Patty pounded both fists on her thighs. "Goddamn you! I found a man who loves me. I won't let him go. Not for you and all your highfaluting shrink ideas. You don't know what it's like to be abandoned."

Paul was silent for a moment. No one else spoke. Pearl got up from where she had been sitting near Susan and walked over to sniff at Hawk's pants leg.

"Well, not like I mean," Patty said. "I mean, sure, you had a tough time when you were a kid maybe, but we took care of you. You went to good schools. Now, you turned out fine, see that. How bad a mother could I be?

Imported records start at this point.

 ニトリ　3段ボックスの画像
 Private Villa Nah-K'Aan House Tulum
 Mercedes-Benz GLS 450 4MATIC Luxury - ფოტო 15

Look at you. Got a career, got a girlfriend. I must have done something right."

Pearl seemed to have, found out whatever she wanted to find out by sniffing

Hawk's pants leg. She turned and came back across the room and sat down next to me and leaned against my leg. Unerringly she leaned against the bad one. I flinched a little and shifted.

"What I got, Ma," Paul said, "is me. And I didn't get that from you. I got that from him." He nodded toward me.

"Oh, God, it makes me tired to listen to you. It's all words. I don't know what they all mean. I know that Rich loves me. If he goes, I'm going with him. You don't know, none of you do, what it's like being a woman."

"Some of us do," Susan said.

"Yes-and you've got a man," Patty said.

"We have each other," Susan said.

"Well, I've got Rich."

"Happy as a fish with a new bicycle," I said softly.

Paul was silent. He stared at his mother; nobody said anything. Beaumont stirred a little on the couch.

"It's kind of no-class, kid," he said, "to wash the family linen in front of strangers like this, you know?"

Paul paid no attention to him. He was still looking at his mother. She had linked her arm through Beaumont's and was pressing her cheek, defiantly, this time, against his shoulder. She looked back at him unflinchingly. They held the stare, and as they held it Paul began to nod slowly.

"Okay," he said. "That was my last shot. I've been talking to you for two days. You do what you need to do. You are my mother, and I love you. If you need something from me, you know where I am."

Patty got up. "Oh, Paulie," she said and put her arms around him and pressed her face into his chest. She cried quietly, and he held her tight and patted her back, but his gaze over her shoulder was deeply silent and focused on something far down a dwindling perspective.

I looked at Beaumont. "No cops?" I said.

"No cops."

"Does it bother you at all that if you take off I'm going to have to deal with Broz?"

"You could take off, too," Beaumont said. "You need some money, I can pay you for what you did."

I shook my head.

"Then I can't help you," Beaumont said. "I got to take care of my own ass."

"And hers," I said.

"Of course," Beaumont said.

"I'd have to deal with Gerry anyway," I said. I looked at Hawk.

"Where you want to go?" he said to Beaumont.

Beaumont hesitated and looked at me, and then at Hawk. He decided.

"Montreal," he said.

Hawk nodded. "Get your things," he said.